Duas mulheres usando o niqab, véu islâmico que só deixa os olhos à mostra, foram detidas nesta segunda-feira (11/4) em Paris por participarem de um protesto, que não havia sido informado previamente às autoridades, contra a nova lei francesa que proíbe o uso do véu. As informações são da BBC Brasil.
A lei entrou em vigor no país nesta segunda-feira e proíbe o uso de véus islâmicos que cubram parcialmente ou totalmente o rosto de mulheres em locais públicos do país. No sábado (9/4), 58 pessoas também foram detidas em uma manifestação organizada por associações islâmicas, e não autorizada pelas autoridades. Segundo o delegado Alexis Marsans, responsável pela ordem pública, "a detenção ocorreu devido ao desrespeito da obrigatoriedade de informar sobre a realização de manifestações".
A França foi o primeiro país da Europa a proibir o uso do véu. Segundo a lei, as pessoas que esconderem seu rosto em "locais abertos ao público", como repartições públicas, meios de transporte, estabelecimentos comerciais, parques e cinemas, estão sujeitas a multas de 150 euros (cerca de R$ 345).
Já pessoas que obrigarem uma mulher a usar o niqab ou a burca (que cobre integralmente o rosto, com uma tela para os olhos) podem ser multados em até 30 mil euros (cerca de R$ 68 mil) e condenados a um ano de prisão.
Tensões
A medida pode acirrar as tensões com a comunidade muçulmana do país, que é a maior da Europa, estimada em 6 milhões de pessoas. Segundo estatísticas, entre 800 e duas mil mulheres cobrem seus rostos no país.

De acordo com Noura Jaballah, presidente do Fórum Europeu das Mulheres Muçulmanas, em Paris, "a lei vai isolar ainda mais as mulheres que usam esse tipo de vestimenta". Ela também observa que "são os muçulmanos que devem discutir entre eles para adotar suas próprias práticas.
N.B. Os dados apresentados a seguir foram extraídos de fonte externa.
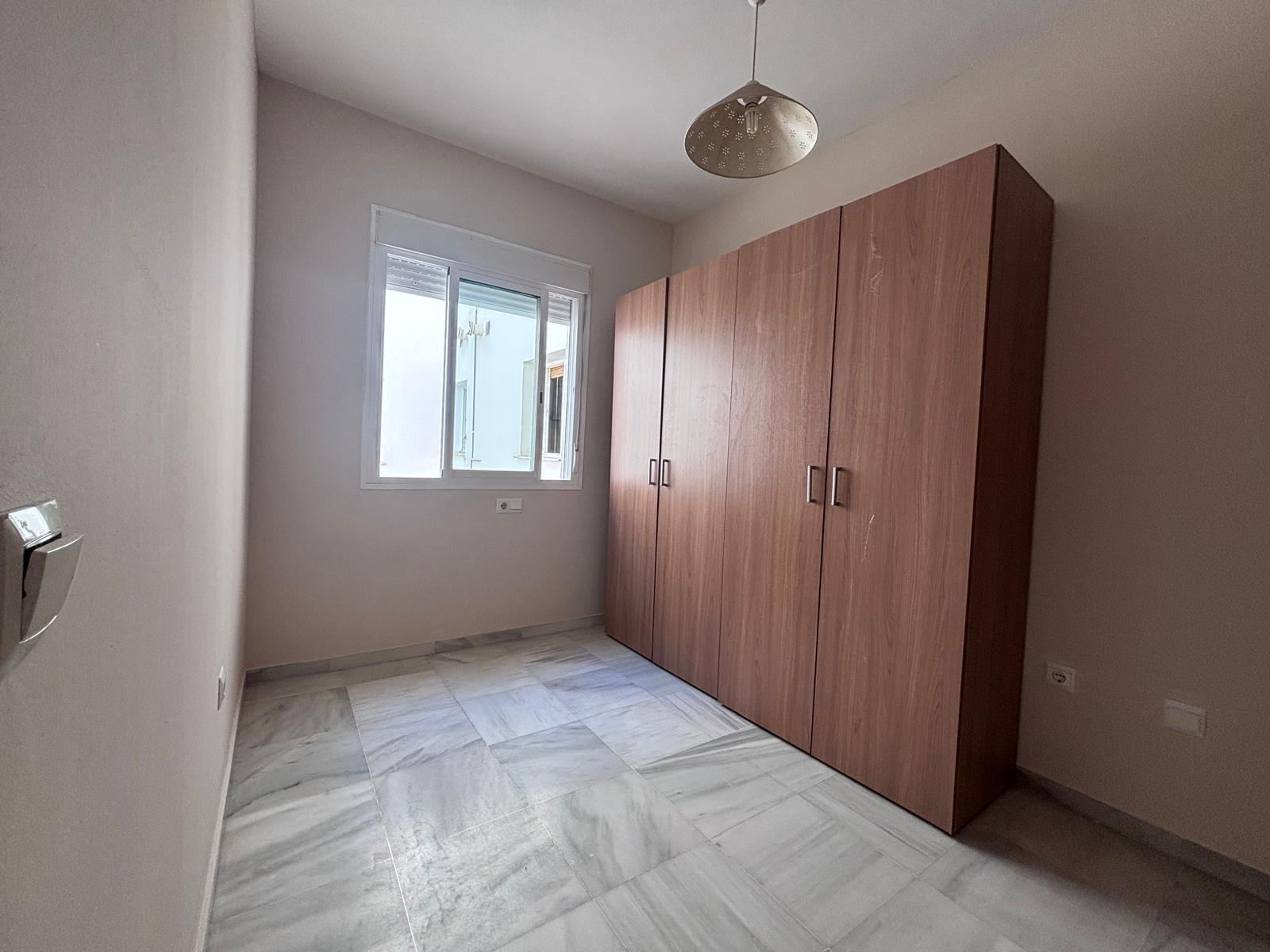 BONITO PISO EN ENTREPARQUES II.  ¡PARA ENTRAR A VIVIR! INCLUYE PLAZA DE PARKING Y AMPLIO TRASTERO EN SUBTERRÁNEO.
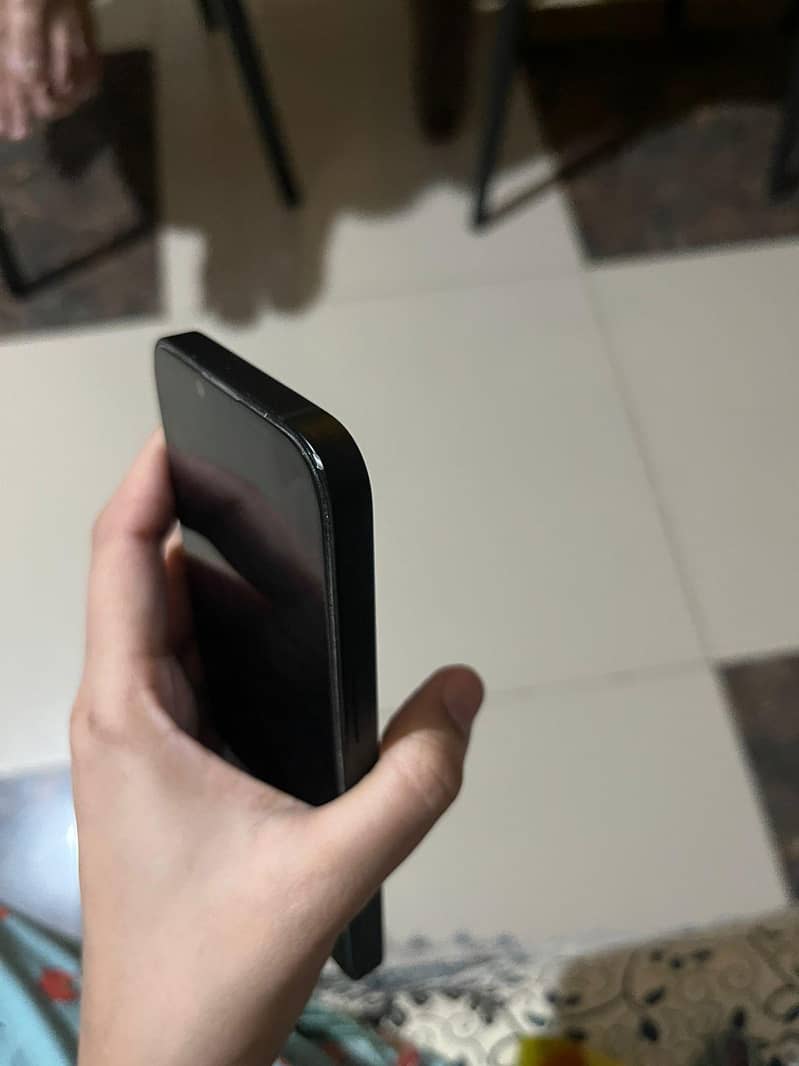 Apple iPhone 16e 2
Essa lei é uma intrusão em um assunto que não diz respeito ao Estado".
No fórum, nenhuma mulher usa o niqab. Noura Jaballah acredita que as mulheres devem respeitar a obrigação de mostrar seus rostos para se identificar, quando solicitadas, em aeroportos, bancos ou repartições públicas, por exemplo. "Mas esta lei já está provocando desvios na interpretação da medida. Há casos de mães que utilizam apenas o véu que cobre os cabelos e que estão sendo impedidas de participar de reuniões ou atividades escolares", diz.
Aprovação
Segundo uma pesquisa do Instituto Ipsos divulgada no ano passado, 57% dos franceses aprovam a lei que proíbe o véu integral. Vários representantes muçulmanos se opuseram à lei, afirmando que ela estigmatiza a comunidade.

A lei entra em vigor pouco após declarações polêmicas do ministro do Interior, Claude Guéant, que afirmou que "o aumento do número de muçulmanos na França e que certas práticas ligadas a essa religião representam um problema".
O veto passa a ser adotado também no momento em que o partido de extrema-direita Frente Nacional vem ganhando destaque nas sondagens das eleições presidenciais de 2012.
Na manifestação de sábado (9/4) havia cerca de 200 participantes, a maioria homens de outros países europeus.